Return to Course Home Page


EDS 217 - Python for Environmental Data Science

Python for Environmental Data Science

code_screen.jpg

These class provides an introduction to the Python programming language, the major libraries associated with the python data science stack, and opportunities to explore applications of python to environmental data science via analysis of datasets.

The module assumes no prior experience with python or jupyter notebooks.

Course Webpage:

https://environmental-data-science.github.io/eds217_2023/

🚦 EDS217 Stoplight - Let us know how thinks are going in real time!

Course Repository

EDS217_2023 on GitHub

Learning Goals

(what you will be able to do)

  • Setup a python environment for data science using conda.

  • Conduct reproducible analyses within interactive jupyter notebook environments

  • Use the VSCode IDE to write and execute python notebooks as well as scripts.

  • Read and write basic-to-intermediate scripts and programs in the Python programming language

  • Perform analyses on structured data using numpy

  • Load, explore, aggregate, analyze, and display data using pandas.

  • Learn to visualize data using matplotlib and friends.

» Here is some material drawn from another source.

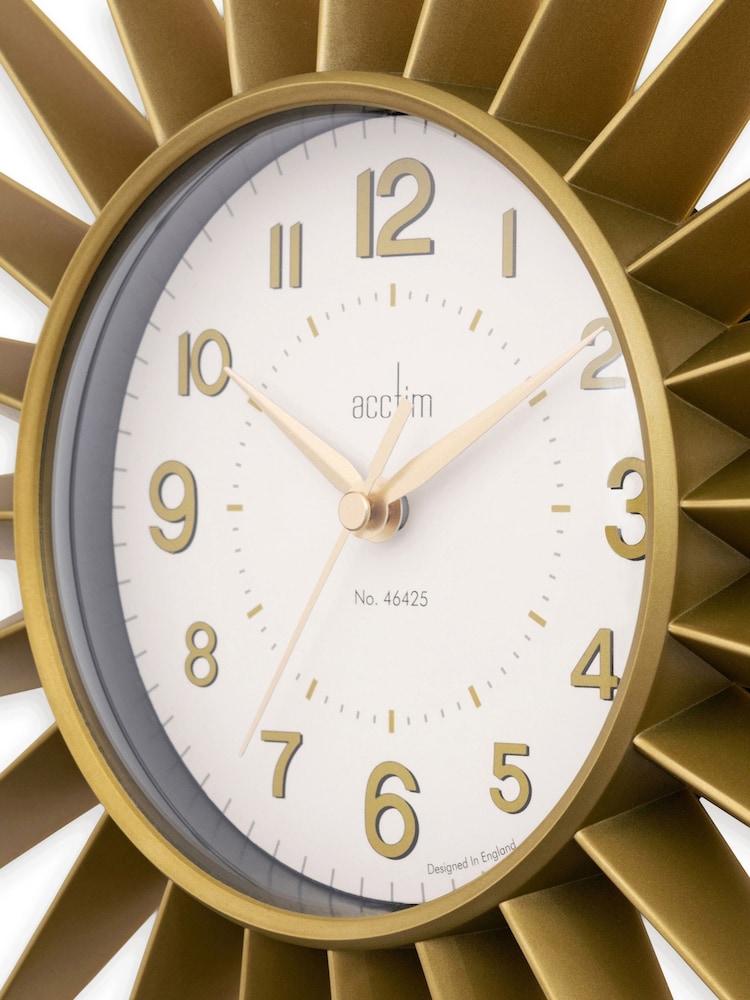 Acctim Clocks Gold Stella Starburst Wall Clock - Image 5 of 5 Acctim Clocks Gold Stella Starburst Wall Clock - Image 5 of 5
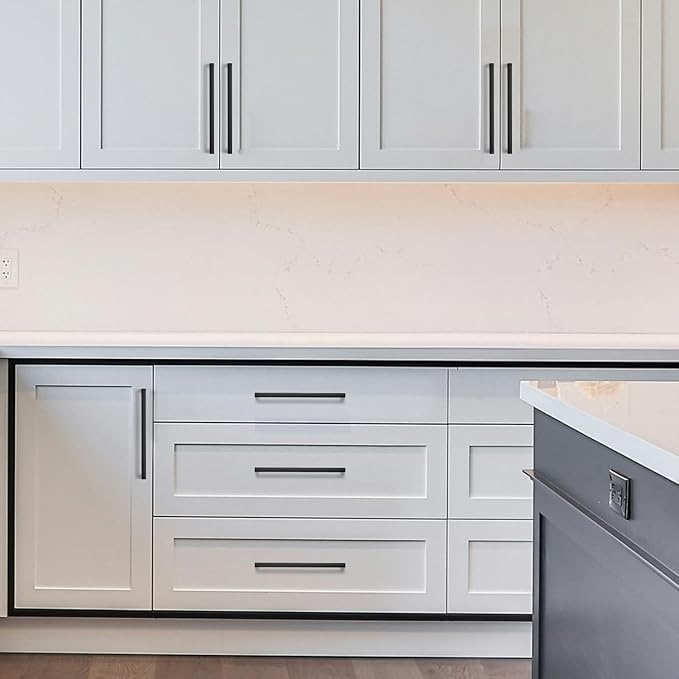 Ravinte 10 Pack Solid Kitchen Cabinet Handles Matte Black Cabinet Pulls Slim Drawer Pulls with 6-1/4 Inch Hole Center Square Bar Kitchen Cabinet Hardware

  • Apply all of these tools to analyze environmental datasets

  • Develop a short tutorial on how to use a python data science library for environmental analysis

Course Activities

Our time together will be spent in a combination of lecture, interactive sessions, paired practice sessions, and group work.

Lectures

Lectures will be used to introduce general concepts and principles of the python language. We won’t have too many of these, but they will be used to introduce new concepts and provide context for the interactive sessions.

Interactive Sessions

Interactive sessions will be used to demonstrate the use of python syntax, libraries, and other tools essential to the environmental data science workflow. These sessions will generally be conducted in jupyter notebooks, and will be available for you to download and use as a reference. We will also use these sessions to work through example code and computations related to the major course topics.

Practice Sessions

Practice sessions will be used to provide opportunities to using the concepts, tools, and libraries presented during interactive sessions to solve more open-ended programming problems. While the goal is to develop independent confidence in python programming, we will work through these problems in paired/collaborative coding. Example solutions to these practice problems will always be available.

TryPy Sessions

TryPy sessions are designed to allow you to develop your own reproducible workflows based on core data science principles. We will often structure these sessions in a similar way to prior activities from EDS221. This will allow you to get a better understanding of the differences between python and R as well as the strengths and weaknesses of each.

Group Work

Your group project is a “Data Science Show-and-Tell” that will extend the skills you develop during the first week of the course through the creation of collaborative presentations focused on datasets and libraries of your choosing. Working in teams, you will develop a short, reproducible tutorial on how to use a python data science library with examples using datasets relevant to environmental analysis. These tutorials will be presented to the class during the final week of the course and shared with the class via a github repository.

Course Outline

Tuesday, September 5

Day[0] - Ready, Set, Python!

The materials for our first day are designed to introduce the basics of working with Python and getting your local machines setup for the course.

Morning Session

Entry Survey

Intro to Python Data Science

Interactive Session 0-1 - Ready, Set, Python!

Afternoon Session

Getting Help

Interactive Session 0-2 - Hello, Python Data Science

Wednesday, September 6

Day[1] - Do you speak Python?

Today we will explore variables and learn the basic syntax of the python programming language.

Morning Session

Interactive Session 1-1 - Variables & Operators

Practice Session 1-1 - Variables & Operators

Interactive Session 1-2 - Lists and Indexing

Afternoon Session

Practice Session 1-2 - Lists and Indexing

TryPy 01 - St. Louis Lead Data

Thursday, September 7

Day[2] - Going with the flow

Today we complete our quick tour of the core python language as we learn the fundamentals of controlling the flow of programs in python. We will also prepare ourselves for the data science packages to come by learning how to use python to work with structured data.

Morning Session

Interactive Session 2-1 - Ifs or Elses

Practice Session 2-1 - Ifs or Elses

Afternoon Session

TryPy02 - Conditionals and Loops

Friday, September 8

Day[3] - Numpy 🧮 (Hooray for Arrays!)

Morning Session

Interactive Session 2-2 - Structured Data

Practice Session 2-2 - Structured Data

Afternoon Session

Session 3-1 - NumPy

Monday, September 11

Day[4] - Pandas 🐼

Our journey into Python’s Data Science toolkit begins with NumPy, a library designed to perform advanced calculations on matrices.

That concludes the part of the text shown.